1. A method for enhancing images in underground coal mines, characterized in that, Includes the following steps: Step 1. Establish a glow imaging degradation model to obtain a glow image, use a layer separation method to remove the glow, suppress overexposure, and obtain a degloss image; Step 2. Based on the low-light enhancement SRLLIE method, the objective function of the low-light enhancement SRLLIE method is improved according to the deglow image. The improved objective function is solved iteratively to obtain the illumination map that suppresses overexposure and preserves structural details and the denoised reflection map. Step 3. Adjust the brightness of the illuminance map using the S-shaped gamma correction function to obtain the optimized illuminance map; Step 4. According to Retinex theory, multiply the optimized illuminance map by the reflectance map to obtain the enhanced image; Step 2 specifically involves: The improved objective function formula for the low-light enhancement SRLLIE method is as follows: (3) in, Represents a reflection diagram. Represents an illuminance diagram. Represents a noise graph. For the input image, Represents a glow image; , and For coefficients; and These represent the F-norm and L1 norm, respectively.
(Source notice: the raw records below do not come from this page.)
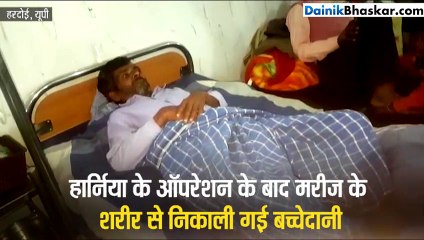 पेट दर्द से परेशान था 40 साल का शख्स, ऑपरेशन के उड़े डाक्टर्स के होश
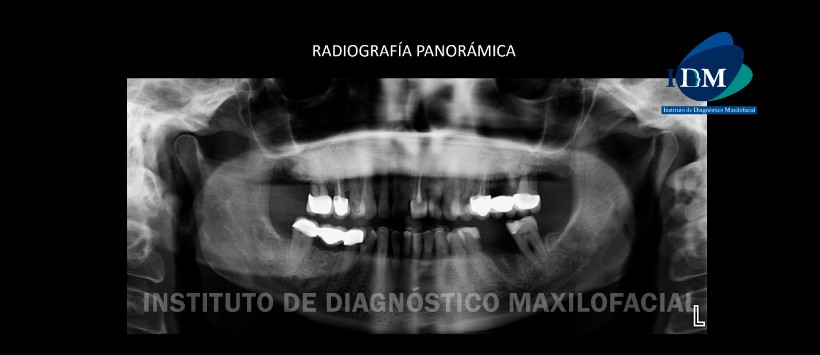 IDM - Radiografía panorámica - idm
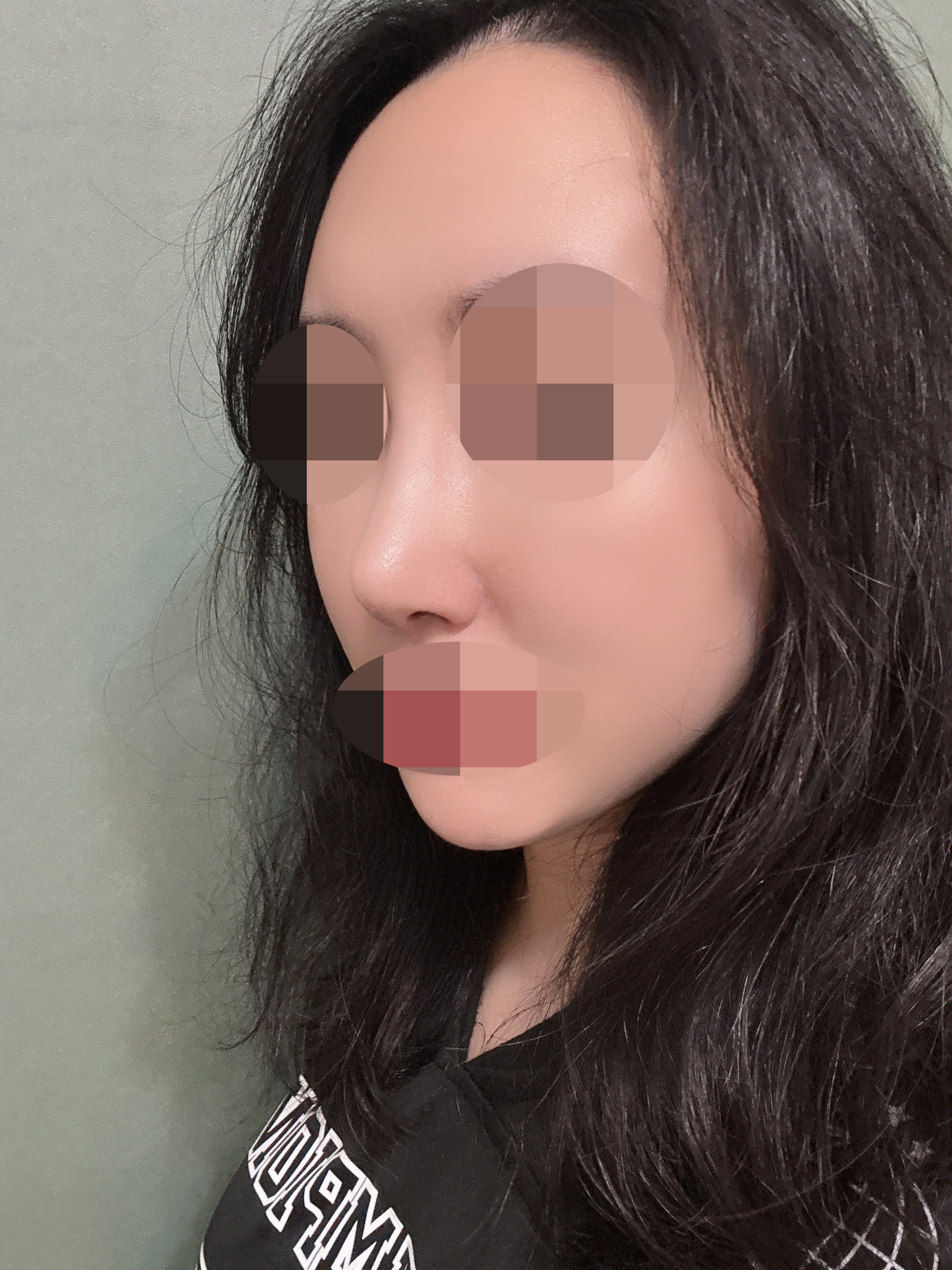 수술후기이미지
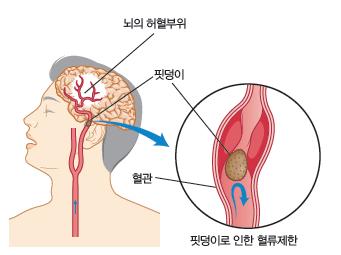 중추신경계 (central nervous system) 질환 뇌혈관장애 cerebral vascular accident 뇌졸중 (stroke) 이란말은어원적으로는뇌의순환장애에의해 갑자기 쓰러져급성기에의식장애가나타나며이후에생존하는경우에반신마비 (hemiplegia) 도함께동반하는증후군을가리켜일반적으로뇌혈관장애로사용한다.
It is a first-order differential operator. It is the adjusted gradient of the input image; In step 2, the objective function of the improved SRLLIE low-light enhancement method is solved iteratively by the alternating direction multiplier method. Introducing auxiliary variables Replace the second term of the objective function Then the objective function in formula (3) is transformed into the following form: (4) By introducing the Lagrange multiplier Z to eliminate the equality constraints, we obtain the augmented Lagrange function: (5) in, , for , for , Represents the matrix inner product. Indicates the scalar value of punishment.

2. The method for enhancing underground coal mine images according to claim 1, characterized in that, Step 1 specifically involves: A glow imaging degradation model is established, and glow images are obtained based on the glow imaging degradation model. The glow imaging degradation model is as follows: (1) in, This represents a degloss image; Glow image , As a light source, This represents the convolution operation. Represents the atmospheric point spread function; The glow discharge is removed using a layer separation method. The objective function of layer separation is: (2) in, This represents the objective function for performing layer separation. For first-order derivative filters in the horizontal and vertical directions It is a second-order Laplace filter; robust function ,in for , For fixed parameters; For smoothness weight parameters, This represents the r channel of the deglow image. This represents the g channel of the degloss image. This represents the b channel of the degloss image; Solve the objective function in the above formula (2) to obtain the degloss image.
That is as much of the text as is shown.